Op 15 juni 2010 wordt de werknemer ontslagen met een beroep op het proeftijdbeding. De werknemer ontvangt van het administratiekantoor salarisstroken tot en met maart 2010 op naam van de oude werkgever en vanaf juni 2010 op naam van de nieuwe werkgever. Het administratiekantoor vermeldt daarbij dat de werknemer in de maanden februari en maart 2011 niet heeft gewerkt.
De werknemer vecht het ontslag bij de kantonrechter aan, stellend dat hij op 1 april 2010 al begonnen was en dat de proeftijd op 15 juni 2010 verstreken was. Ook eist de werknemer salaris over de maand april 2010. Direct na het ontslag zou aan de werknemer door de boekhouder contant 1.200 euro betaald zijn wegens het salaris over de maand mei 2010. Dat de arbeidsovereenkomst vermeldt dat de werknemer pas op 1 juni 2010 in dienst zou treden, zou alleen zijn geweest omdat de werkgever de eerstedagsmelding
bij de belastingdienst niet eerder gedaan had. De werkgever stelt dat de werknemer pas op 1 juni 2010 is begonnen. Tot die tijd zou hij nog in dienst zijn geweest van de vorige werkgever. Het aanbod om per 1 april 2010 in dienst te komen, heeft de werknemer immers niet aanvaard. De werknemer had wel vóór 1 juni 2010 bestellingen namens de nieuwe werkgever gedaan, maar dat was omdat beide restaurants samenwerkten bij het doen van bestellingen en zou nog namens de oude werkgever zijn gedaan. De werkgever ontkent 1.200 euro te hebben betaald.
De kantonrechter wil er in het kader van het kort geding niet van uitgaan dat de werknemer al op 1 april 2010 in dienst is gekomen. Gelet op de uiteenlopende stellingen van partijen is daarvoor nadere bewijsvoering nodig, waarvoor geen plaats is binnen het beperkte kader van het kort geding. De kantonrechter komt wel tot het voorlopig oordeel dat het ontslag nietig is. De CAO Horeca staat weliswaar een proeftijd van twee maanden toe in een arbeidsovereenkomst voor de duur van zes maanden, maar gelet op de banden tussen de oude werkgever en de nieuwe werkgever (behalve dat de aandeelhouder van het ene restaurant mede-aandeelhouder en bedrijfsleider van het andere restaurant is, werden gezamenlijke bestellingen gedaan en werd personeel uitgewisseld), wordt de nieuwe werkgever als opvolgend werkgever van de oude werkgever beschouwd. De in dienst van de oude werkgever verworven inzichten in de vaardigheden van de werknemer, worden daardoor aan de nieuwe werkgever toegerekend. Gevolg is, dat sprake is van een verboden proeftijd en dat het ontslag nietig is.

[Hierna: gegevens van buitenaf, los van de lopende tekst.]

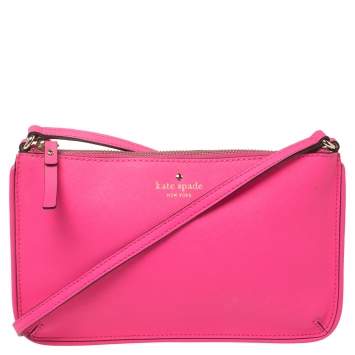Pre Owned Kate Spade Pink Saffiano Leather Top Zip Slim Crossbody Bag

De jurisprudentie over de proeftijd is heel feitelijk en strikt. Zodra de werkgever feitelijk de gelegenheid heeft gekregen om inzicht in de vaardigheden van de werknemer te verwerven, is de proeftijd aangevangen. Eén of twee maanden later is de proeftijd dan voorbij. Een nieuwe proeftijd kan dan alleen nog als de werknemer een nieuwe functie gaat vervullen die nieuwe vaardigheden van de werknemer vergt.